The fatalities are caused by a lack of knowledge and community preparedness in dealing with disasters (Escaleras, Anbarci & Register 2007). Education significantly improves preparedness (Battersby, Mitchell & Cutter 2011, Baytiyeh & Öcal 2016, Santos-Reyes et al. 2017). The Hyogo Framework for Action 2005-2015 (HFA), which the Sendai Framework has now replaced for Disaster Risk Reduction 2015-2030 (SFDRR), identified education as key to mitigating the impact of natural disasters (Kelman & Glantz 2015, UNISDR 2015). The HFA Priority 3 emphasises that disaster risk reduction (DRR) requires the use of knowledge, innovation and education to build a culture of safety and increase resilience (Kelman & Glantz 2015).
Geography education pays special attention to disaster studies because geography is an integrative discipline that brings together both the physical and human dimensions of the world in the study of people, places and environments (Mönter & Otto 2018, Sofiyan, Aksa & Saiman 2019). The Lucerne Declaration on Geographical Education for Sustainable Development of 2007 emphasises the importance of risk reduction and climate change being integrated into geography teaching around the world (Haubrich, Reinfried & Schleicher 2007). In Indonesia, disaster education has been integrated into the geography curriculum in universities since 2007 (Aksa 2019, Aksa et al. 2020a). These courses are taught following recommendations from the Geography College Leadership Forum and the Indonesian Geography Experts Association (IGI). The recommendation states that disaster education is essential to be taught to geography education students, aiming to prepare geography teachers who understand DRR.
However, even after 14 years, the programme has not been effective in increasing student capacity. This is evidenced by the findings of research conducted by Aksa et al. (2020a), which uses case studies at several universities in Indonesia which are located in disaster-risk areas. Using regression analysis, it was found that educational institutions were ineffective in increasing student capacity in DRR. This is presumably because the disaster education taught so far only forms conceptual knowledge (know-what) so that students do not know how to do something (know-how) (Aksa et al. 2020b, 2020a). This is because of the traditional learning model being used which emphasises conceptual knowledge. Aksa et al. (2020b) stated that disaster learning taught in geography study programmes only forms conceptual understanding. Also, students are only taught about the conceptual framework of risk reduction and hazards (Aksa et al. 2020b). Selby and Kagawa (2012) pointed out that learning on DRR carried out in Indonesia still focuses on memorisation and facts, and not skills or attitudes. For example, in implementing the DRR curriculum in Indonesia, learning is carried out only by remembering facts (Selby & Kagawa 2012). Teachers are not trained in developing creative and innovative learning methodologies (Selby & Kagawa 2012, Aksa et al. 2020b). Disaster preparedness simulations are carried out very infrequently (Aksa et al. 2020b).

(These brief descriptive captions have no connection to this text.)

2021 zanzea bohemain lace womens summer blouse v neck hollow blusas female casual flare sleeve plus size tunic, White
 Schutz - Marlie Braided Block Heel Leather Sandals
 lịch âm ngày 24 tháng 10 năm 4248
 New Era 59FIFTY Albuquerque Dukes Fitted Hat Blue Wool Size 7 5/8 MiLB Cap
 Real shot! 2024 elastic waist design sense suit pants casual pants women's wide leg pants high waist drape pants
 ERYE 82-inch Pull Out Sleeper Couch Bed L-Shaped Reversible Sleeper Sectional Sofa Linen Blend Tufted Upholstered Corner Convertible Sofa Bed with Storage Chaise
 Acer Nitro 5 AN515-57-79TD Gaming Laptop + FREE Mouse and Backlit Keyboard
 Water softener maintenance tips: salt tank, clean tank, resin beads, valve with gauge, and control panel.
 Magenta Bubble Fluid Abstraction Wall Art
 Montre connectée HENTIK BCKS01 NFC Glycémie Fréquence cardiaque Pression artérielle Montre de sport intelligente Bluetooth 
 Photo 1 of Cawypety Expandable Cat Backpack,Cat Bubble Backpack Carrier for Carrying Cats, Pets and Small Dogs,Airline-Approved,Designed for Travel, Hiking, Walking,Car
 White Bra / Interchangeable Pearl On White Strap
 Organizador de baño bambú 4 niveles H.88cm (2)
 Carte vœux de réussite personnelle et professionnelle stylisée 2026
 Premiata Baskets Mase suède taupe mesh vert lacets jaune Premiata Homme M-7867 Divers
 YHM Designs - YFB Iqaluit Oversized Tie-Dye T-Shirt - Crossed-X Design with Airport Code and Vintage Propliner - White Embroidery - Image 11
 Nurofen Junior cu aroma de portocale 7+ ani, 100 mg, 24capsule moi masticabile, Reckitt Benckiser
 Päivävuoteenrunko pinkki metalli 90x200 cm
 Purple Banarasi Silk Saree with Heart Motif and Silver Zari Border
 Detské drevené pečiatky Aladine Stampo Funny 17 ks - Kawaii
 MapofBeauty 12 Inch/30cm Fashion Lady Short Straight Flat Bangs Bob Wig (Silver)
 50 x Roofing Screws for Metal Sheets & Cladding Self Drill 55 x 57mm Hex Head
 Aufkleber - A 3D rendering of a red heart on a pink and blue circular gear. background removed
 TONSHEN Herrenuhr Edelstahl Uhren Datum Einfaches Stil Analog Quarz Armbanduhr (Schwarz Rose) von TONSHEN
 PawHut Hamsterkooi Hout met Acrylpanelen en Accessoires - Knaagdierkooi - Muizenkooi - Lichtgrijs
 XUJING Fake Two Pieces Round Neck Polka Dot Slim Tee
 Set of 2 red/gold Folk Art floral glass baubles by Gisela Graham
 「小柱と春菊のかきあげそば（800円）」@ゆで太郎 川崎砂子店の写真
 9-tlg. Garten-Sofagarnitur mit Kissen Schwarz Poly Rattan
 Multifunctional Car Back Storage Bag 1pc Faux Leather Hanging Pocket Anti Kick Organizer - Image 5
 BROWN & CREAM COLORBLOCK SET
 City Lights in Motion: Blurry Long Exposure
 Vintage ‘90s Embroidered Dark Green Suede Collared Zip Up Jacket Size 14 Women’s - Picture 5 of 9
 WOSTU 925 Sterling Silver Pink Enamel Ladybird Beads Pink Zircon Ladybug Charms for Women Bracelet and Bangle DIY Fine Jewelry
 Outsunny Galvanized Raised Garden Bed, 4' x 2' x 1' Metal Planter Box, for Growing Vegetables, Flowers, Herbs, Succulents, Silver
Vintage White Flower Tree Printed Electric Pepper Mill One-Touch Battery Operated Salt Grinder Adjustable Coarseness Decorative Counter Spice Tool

Conceptual knowledge is ineffective in increasing motivation to take preparedness actions (Shaw et al. 2004, Muzenda-Mudavanhu, Manyena & Collins 2016). Furthermore, it is not relevant to the objectives of disaster education as described in the SFDRR, which emphasises knowledge, skills and attitudes (Kelman & Glantz 2015). Parham et al. (2021) reported that the benefits of disaster education conducted in various countries, including Indonesia, were not felt outside the classroom and did not significantly increase students' awareness of disaster risk. This is because the pedagogical approach currently used does not provide opportunities for students to be involved in participatory decision-making exercises (Aksa et al. 2020b, Kamil et al. 2020a, 2020b, Parham et al. 2021).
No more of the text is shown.